One could argue that allowing him to kiss and hold her is not true to Jane’s character. To this, I would agree, it does not fit a prim Victorian sensibility, but it does show the audience, in an appropriate way, the raging fire beneath their skin that the book suggests. If you don’t have that angle on screen, and all you are left with is an enormous grouch who shouts at Jane half the time, it makes it easier for you to dismiss Jane’s enormous sacrifice in abiding by her principles rather than violating them when she chooses to leave. But if you can understand how much she desires him, how the very touch of his hand makes her tremble, the journey she takes out of that house, because she will not become his mistress, is all the more powerful. She has had a glimpse, a taste, of what would await her, and knows what she has left behind, because she cannot betray her beliefs. It makes my heart cry out for them to be together, much in the same way theirs cry out for each other.

Charlotte Bronte could imagine a grand passion, even if she never knew one, and leaves us with a happy ending… of a sort.
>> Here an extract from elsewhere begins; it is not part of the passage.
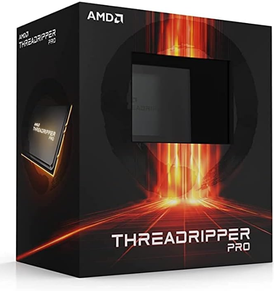 OFERTA: NUEVO EN STOCK, Procesador de Escritorio A.M.D Thread-ripper PRO 5995WX de 64 Núcleos y 128 Subprocesos, Calidad Garantizada - Product Image 4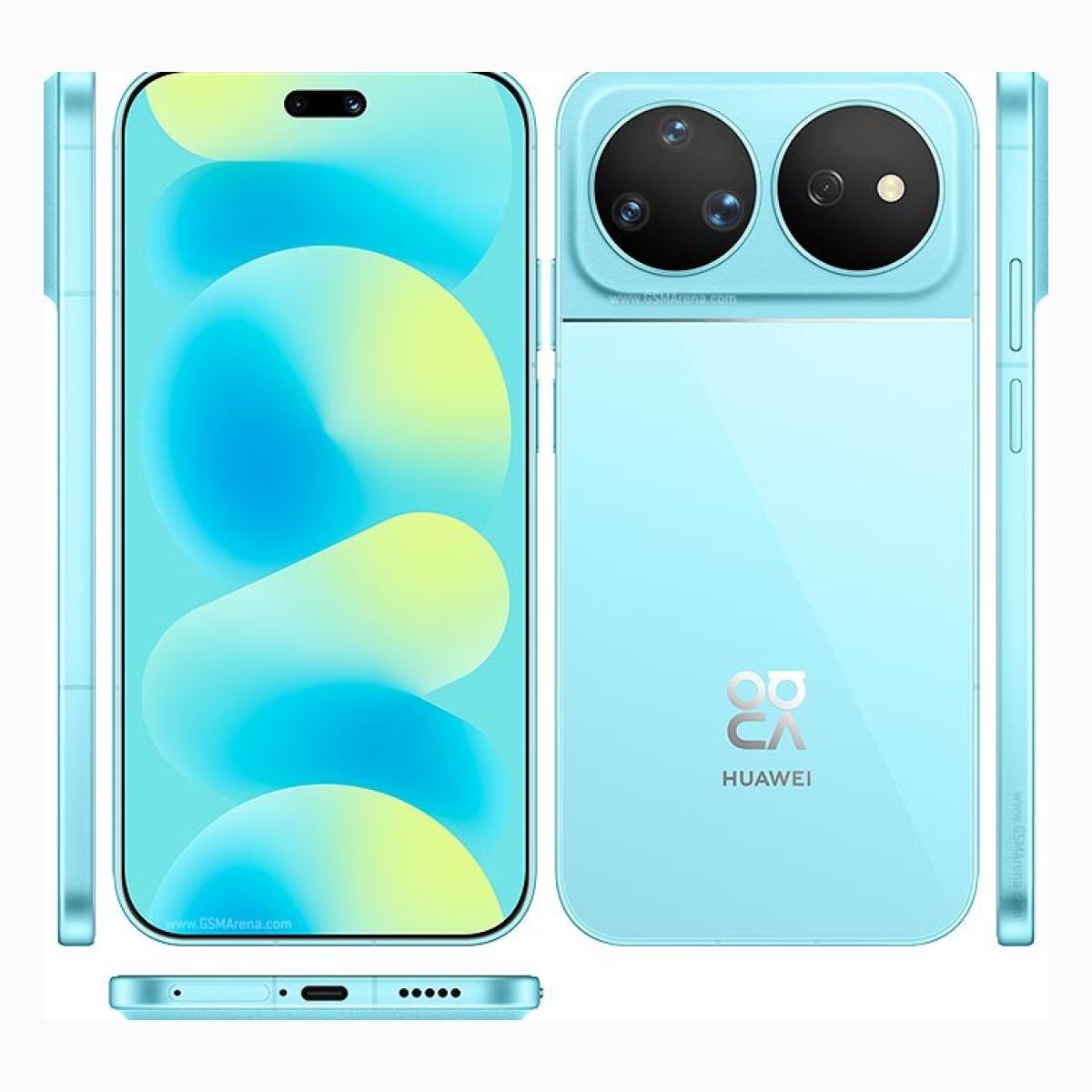Huawei nova 16 Ultra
Our two beloved characters reunited and happy, but not whole; Edward has lost a portion of his sight and been disfigured by the fire. He has been “broken” but redeemed, for it taught him that had Jane stayed with him in sin, he could never have respected her as much as he loves her. But as Jane concludes in the final moments of the musical and the book, the ending shows us how “God has tempered justice with mercy,” and because of their sacrifices, allowed them to find love.

I wrote this as part of the Bustles and Bonnets Costume Drama Blogathon!